日本語学校からこんにちは ~水野外語学院~

千葉県市川市行徳にある日本語学校のブログです。日々の出来事、行事、感じたことなどを紹介しています。

「『初級Ⅰ』クラス、若いクラス」。「『やり直す』ということ」。

2010-04-20 09:16:42 | 日本語の授業
 ハナミズキの樹に花がつき始めました。桜が散ったと思ったら、今度は街路樹のハナミズキです。日かげのハナミズキにも新芽が出始めたことに気づいたのは、つい先日のことでしたのに。それが、今や可愛らしい赤い花をつけたのやら、白っぽいのやら。俄然、町は動脈たる道路を中心に華やかになり始めました。

 この花は樹本体に、浮遊感がありますから、見ているだけで、人を不思議な気持ちにさせてくれます。とは言いながら、とは言いながらですね、私はあまり「洋物」の花は好まないのですが…。

 さて、学校です。

 『初級Ⅰ』クラスでは、昨日から「カタカナ」に入りました。やはり「ひらがな」の時に比べると、読み上げる声は小さくなったようです。在日の方の中には、「ひらがな」はやった(練習した)けれども、「カタカナ」は……という方が何人かいらっしゃいましたから、それも当然なのですが。

 この『初級Ⅰ』のクラス、つまり、『Dクラス』は、他のクラスに比べて、かなり平均年齢が若いのです。
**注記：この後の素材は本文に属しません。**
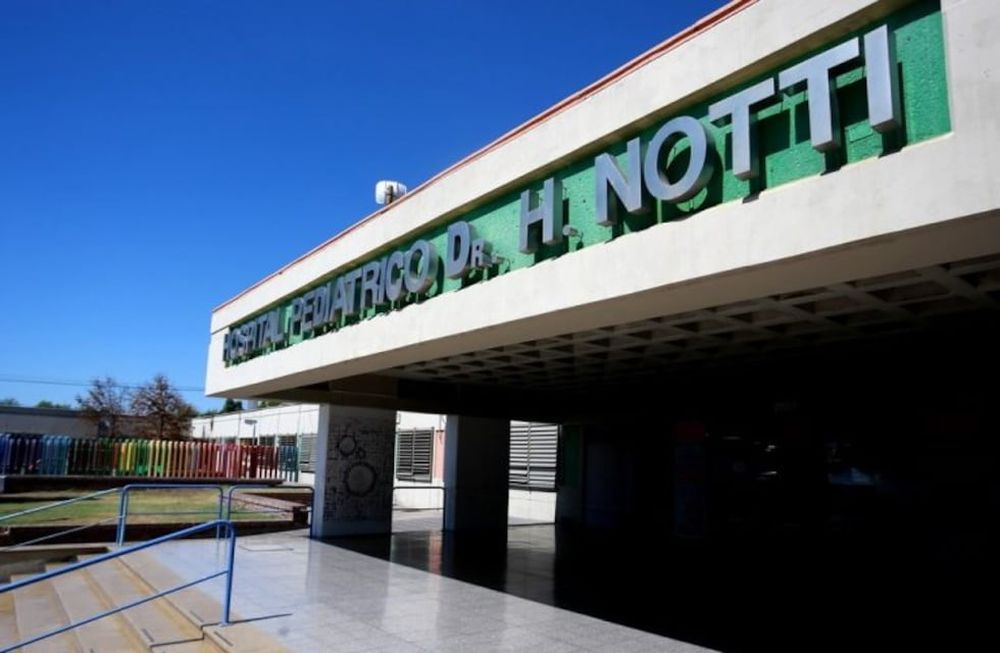 Hospital Notti, donde se encuentra internada la adolescente. / archivo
高校を卒業して、一年か二年くらいの学生が大半を占めています、その中に、大卒の学生や在日の25才くらいの人がチラホラ。というわけで、だいたいは素直に言われたとおりに勉強しています。そして、昨日は、その「若いクラス」に、一ヶ月だけ日本語を勉強したいということで、二人、更に若いタイ人の少女が加わりました。姉妹で、姉は17才(高校生)妹は、11才(小学生)です。ちょうどお正月でお休みなので、日本へ来た、そのついでに日本語を勉強させたいというご両親の意志なのでしょう。

 この学校では、一年に四回「学生募集」をかけていますから、一年に四回「やり直しのチャンス」があることになります。この『初級Ⅰ』クラスの学生、13人のうち、二人が去年の「10月生」のクラスから来ています。私たちにしてみれば、「わからないのにクラスに残っても意味がない。もう一度やりなおした方が本人のためになる」と考えてのことなのですが、これが当人には通じないのです。「どうして?私はできている(彼らは、カンニングをしようがどうしようが、表面的に胡塗できればそれで、うまくやり過ごせるはずだと思っているようなのです)のに」

 当然のことですが、一人でやらせれば、できませんし。それよりも何よりも、まず第一に、自分ができていないことがわからないようなのです。現に『初級Ⅰ』の最初の部分、「疑問詞」のところでつっかえ、「四月生」に「どうして」と驚かれています。

 これは(かれらの国を貶めるつもりは全くないのですが)、これまでの母国での習慣という以外に理解のしようがないのです。日本では、(日本にも教育に関するいろいろな問題はありますが)学校の勉強が苦手という学生でも、そのことは知っていますし、またカンニングが悪いということも知っています。日本に来て勉強をする場合(日本ではそれが常識ですから)、このことが、ストンと腹の底に収まっていないと大きな障害になるのです。なんとなれば、彼らは観光ではなく、勉強のために来ているのですから。

 多分、わかってもわからなくても、(母国では、教室のいすに座って、何時間かをやり過ごせば、そして)テストの時には(隣近所のだれかの)答案を写せば、事足りていたのでしょう。それが、「あなたはここが理解できていないから、もう一度やった方がいい」と言われても、(そうしたほうが速く上手になるという考え方もありませんから)それがいったいどういう意味なのかわからないのです。

 それがわからなければ、そして身につかなければ、日本での大学受験や会社就職はさらに遠のくと思うのですが…。